● **Problem requirements**: Below are the records; copy each line in which "Unit" occurs.

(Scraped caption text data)
********

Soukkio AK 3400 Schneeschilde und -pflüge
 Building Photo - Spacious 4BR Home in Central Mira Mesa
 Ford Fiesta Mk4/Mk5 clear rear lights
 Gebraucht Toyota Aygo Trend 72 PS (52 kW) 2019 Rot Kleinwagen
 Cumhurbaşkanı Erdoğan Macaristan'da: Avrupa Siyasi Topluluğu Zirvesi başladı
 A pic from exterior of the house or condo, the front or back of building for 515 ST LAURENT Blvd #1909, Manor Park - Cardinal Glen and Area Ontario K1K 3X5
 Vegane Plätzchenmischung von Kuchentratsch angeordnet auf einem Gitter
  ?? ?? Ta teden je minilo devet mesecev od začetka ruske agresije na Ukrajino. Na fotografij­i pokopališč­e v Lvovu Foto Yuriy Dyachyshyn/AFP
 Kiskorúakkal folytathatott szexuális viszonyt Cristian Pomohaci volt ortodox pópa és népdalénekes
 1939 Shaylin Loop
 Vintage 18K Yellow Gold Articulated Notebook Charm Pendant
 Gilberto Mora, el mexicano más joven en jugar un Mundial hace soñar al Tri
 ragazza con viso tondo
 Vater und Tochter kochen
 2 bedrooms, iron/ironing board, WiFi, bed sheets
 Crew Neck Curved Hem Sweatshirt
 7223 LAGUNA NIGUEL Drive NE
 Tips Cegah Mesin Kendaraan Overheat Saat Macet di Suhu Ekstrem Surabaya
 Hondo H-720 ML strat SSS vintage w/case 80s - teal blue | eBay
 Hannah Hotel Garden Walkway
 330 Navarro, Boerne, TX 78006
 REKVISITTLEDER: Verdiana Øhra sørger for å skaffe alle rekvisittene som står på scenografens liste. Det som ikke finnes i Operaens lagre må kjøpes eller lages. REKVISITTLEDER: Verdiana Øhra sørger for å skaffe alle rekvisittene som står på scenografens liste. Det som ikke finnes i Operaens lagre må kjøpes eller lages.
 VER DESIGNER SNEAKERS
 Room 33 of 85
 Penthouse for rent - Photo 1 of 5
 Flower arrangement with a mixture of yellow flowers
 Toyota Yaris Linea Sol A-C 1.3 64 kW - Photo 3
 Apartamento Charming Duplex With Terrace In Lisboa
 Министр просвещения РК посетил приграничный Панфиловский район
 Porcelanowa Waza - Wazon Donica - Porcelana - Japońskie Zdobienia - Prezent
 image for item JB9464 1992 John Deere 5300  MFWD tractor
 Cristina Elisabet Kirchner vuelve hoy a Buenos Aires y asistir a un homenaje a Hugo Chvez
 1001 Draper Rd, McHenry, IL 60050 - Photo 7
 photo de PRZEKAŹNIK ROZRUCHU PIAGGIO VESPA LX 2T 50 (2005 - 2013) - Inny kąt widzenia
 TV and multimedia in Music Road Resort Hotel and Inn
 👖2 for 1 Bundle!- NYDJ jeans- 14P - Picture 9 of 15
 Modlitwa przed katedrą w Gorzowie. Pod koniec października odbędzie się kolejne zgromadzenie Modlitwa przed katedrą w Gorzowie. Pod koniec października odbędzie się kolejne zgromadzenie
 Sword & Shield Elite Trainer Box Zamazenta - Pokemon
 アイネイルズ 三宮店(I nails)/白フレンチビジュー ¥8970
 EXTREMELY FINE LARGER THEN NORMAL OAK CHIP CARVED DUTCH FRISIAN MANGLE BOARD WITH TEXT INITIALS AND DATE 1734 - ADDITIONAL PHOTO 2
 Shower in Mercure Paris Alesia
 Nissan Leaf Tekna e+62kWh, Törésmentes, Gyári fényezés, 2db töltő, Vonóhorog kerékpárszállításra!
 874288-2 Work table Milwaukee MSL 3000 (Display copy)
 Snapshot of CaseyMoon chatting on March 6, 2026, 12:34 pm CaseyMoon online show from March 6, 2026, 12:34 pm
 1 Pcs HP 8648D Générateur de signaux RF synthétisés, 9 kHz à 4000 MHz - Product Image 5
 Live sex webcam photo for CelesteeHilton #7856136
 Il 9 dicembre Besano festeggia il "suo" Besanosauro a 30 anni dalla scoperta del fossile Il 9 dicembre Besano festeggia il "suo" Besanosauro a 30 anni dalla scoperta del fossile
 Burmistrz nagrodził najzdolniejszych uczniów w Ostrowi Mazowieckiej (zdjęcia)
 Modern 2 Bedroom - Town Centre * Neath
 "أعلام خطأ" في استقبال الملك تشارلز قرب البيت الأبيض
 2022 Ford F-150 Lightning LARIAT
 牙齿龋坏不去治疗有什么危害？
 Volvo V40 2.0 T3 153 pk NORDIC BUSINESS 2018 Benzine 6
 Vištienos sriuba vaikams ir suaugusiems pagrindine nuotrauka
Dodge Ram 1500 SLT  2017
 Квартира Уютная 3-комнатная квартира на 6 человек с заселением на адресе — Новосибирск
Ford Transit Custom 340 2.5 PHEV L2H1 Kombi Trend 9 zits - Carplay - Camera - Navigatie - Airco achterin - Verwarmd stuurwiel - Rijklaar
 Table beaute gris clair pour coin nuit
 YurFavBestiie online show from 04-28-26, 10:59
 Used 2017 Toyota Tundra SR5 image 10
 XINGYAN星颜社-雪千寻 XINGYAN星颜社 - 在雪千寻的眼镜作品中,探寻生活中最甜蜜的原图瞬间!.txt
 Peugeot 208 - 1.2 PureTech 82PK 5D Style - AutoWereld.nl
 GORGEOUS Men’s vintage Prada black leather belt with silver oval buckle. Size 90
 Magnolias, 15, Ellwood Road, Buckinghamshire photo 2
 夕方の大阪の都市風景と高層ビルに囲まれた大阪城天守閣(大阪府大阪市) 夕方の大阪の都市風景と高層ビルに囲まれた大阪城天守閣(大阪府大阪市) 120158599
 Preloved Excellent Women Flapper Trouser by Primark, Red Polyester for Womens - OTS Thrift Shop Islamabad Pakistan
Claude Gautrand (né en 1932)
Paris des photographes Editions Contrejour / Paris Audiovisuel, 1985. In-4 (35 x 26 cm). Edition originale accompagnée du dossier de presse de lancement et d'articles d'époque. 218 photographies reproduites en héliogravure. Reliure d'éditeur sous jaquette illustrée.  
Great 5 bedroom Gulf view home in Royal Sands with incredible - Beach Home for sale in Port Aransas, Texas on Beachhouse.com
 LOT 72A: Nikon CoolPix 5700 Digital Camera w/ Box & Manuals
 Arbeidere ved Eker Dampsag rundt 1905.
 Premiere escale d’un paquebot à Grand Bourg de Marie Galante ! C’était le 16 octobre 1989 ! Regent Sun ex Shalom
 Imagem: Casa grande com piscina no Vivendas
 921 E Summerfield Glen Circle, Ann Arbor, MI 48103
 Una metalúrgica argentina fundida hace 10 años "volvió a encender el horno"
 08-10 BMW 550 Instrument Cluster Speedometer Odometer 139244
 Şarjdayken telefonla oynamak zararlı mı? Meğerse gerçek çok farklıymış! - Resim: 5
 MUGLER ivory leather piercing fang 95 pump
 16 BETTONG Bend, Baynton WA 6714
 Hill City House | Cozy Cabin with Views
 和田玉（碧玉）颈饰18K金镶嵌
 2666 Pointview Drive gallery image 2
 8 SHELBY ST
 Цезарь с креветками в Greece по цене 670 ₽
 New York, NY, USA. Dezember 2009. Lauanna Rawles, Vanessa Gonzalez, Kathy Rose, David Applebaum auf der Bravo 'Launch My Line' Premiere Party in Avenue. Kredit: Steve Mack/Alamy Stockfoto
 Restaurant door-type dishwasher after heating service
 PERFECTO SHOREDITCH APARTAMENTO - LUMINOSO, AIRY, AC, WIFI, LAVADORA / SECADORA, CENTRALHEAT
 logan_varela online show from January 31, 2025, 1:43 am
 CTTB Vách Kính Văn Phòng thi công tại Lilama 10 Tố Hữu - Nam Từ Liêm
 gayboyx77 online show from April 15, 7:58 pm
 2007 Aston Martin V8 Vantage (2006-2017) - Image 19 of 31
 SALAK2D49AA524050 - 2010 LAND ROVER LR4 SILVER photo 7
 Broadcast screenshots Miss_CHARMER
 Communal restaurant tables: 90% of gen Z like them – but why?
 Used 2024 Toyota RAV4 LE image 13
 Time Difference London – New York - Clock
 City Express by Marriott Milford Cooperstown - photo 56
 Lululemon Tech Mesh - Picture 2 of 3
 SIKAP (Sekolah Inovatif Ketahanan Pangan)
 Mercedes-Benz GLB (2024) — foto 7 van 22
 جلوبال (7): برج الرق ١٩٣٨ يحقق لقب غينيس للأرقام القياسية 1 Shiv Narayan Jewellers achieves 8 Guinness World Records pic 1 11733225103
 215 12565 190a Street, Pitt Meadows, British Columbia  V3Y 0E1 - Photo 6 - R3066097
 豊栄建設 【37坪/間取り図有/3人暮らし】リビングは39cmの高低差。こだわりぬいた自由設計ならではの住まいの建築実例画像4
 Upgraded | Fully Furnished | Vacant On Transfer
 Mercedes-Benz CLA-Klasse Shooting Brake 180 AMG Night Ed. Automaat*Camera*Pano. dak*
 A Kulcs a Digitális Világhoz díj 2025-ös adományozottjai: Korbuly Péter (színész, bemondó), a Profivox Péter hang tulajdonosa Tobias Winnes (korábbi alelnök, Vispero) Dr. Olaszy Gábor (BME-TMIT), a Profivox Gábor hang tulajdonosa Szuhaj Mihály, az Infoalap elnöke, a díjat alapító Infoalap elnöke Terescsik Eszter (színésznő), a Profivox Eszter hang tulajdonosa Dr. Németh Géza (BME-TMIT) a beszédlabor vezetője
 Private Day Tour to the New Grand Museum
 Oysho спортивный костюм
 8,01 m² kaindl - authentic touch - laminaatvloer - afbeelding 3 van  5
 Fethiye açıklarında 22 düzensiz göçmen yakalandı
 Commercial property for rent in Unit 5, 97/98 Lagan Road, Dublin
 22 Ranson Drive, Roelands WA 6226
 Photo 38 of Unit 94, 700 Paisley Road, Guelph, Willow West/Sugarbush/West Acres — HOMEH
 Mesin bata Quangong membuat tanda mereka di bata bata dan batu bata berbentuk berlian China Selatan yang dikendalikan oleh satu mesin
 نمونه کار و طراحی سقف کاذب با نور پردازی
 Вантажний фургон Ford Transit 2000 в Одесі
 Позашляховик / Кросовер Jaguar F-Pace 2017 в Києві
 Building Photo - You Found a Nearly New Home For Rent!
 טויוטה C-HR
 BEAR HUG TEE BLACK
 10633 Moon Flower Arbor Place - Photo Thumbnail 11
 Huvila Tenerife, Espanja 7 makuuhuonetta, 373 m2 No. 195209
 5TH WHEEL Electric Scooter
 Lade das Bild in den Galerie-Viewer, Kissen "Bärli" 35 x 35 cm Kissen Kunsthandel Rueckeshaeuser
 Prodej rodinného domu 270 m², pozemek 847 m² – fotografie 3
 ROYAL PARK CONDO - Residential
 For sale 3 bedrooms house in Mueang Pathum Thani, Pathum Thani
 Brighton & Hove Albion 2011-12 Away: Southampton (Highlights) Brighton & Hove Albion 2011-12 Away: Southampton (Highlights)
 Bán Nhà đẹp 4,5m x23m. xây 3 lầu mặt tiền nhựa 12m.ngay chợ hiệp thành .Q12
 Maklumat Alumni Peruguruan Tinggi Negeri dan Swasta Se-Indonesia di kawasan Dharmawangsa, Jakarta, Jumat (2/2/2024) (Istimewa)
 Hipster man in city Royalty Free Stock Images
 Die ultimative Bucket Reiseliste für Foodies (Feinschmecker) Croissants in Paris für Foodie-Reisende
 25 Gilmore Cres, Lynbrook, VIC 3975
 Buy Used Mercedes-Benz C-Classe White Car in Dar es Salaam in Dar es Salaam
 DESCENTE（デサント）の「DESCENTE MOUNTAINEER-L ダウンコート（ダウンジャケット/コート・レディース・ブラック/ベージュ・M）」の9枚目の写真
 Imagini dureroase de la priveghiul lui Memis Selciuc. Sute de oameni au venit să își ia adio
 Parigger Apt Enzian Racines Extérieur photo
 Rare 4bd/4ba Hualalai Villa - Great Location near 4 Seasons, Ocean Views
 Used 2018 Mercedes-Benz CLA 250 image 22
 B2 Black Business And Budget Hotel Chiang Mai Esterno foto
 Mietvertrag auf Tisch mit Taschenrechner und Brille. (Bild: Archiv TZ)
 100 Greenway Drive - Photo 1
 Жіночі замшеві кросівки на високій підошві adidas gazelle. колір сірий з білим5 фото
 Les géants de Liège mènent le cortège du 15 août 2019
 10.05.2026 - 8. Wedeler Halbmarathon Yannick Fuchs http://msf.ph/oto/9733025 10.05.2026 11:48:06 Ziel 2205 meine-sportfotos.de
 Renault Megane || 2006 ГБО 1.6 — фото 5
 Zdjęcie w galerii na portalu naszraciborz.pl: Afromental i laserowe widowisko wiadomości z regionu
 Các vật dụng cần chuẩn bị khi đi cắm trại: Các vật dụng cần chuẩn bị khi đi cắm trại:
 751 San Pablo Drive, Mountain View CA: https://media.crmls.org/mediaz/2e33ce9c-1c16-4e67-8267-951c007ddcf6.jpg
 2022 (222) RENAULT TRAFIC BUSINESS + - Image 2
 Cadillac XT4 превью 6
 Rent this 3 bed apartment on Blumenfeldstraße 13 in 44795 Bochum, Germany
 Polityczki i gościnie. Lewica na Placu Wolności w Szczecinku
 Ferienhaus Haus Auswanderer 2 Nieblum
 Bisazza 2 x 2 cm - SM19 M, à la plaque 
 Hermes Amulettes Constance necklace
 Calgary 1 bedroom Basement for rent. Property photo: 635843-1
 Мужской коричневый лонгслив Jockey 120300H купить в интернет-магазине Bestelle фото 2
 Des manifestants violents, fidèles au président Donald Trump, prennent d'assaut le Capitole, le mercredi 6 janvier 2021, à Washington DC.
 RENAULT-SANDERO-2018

********

● **Problem solution**:
 Commercial property for rent in Unit 5, 97/98 Lagan Road, Dublin
 Photo 38 of Unit 94, 700 Paisley Road, Guelph, Willow West/Sugarbush/West Acres — HOMEH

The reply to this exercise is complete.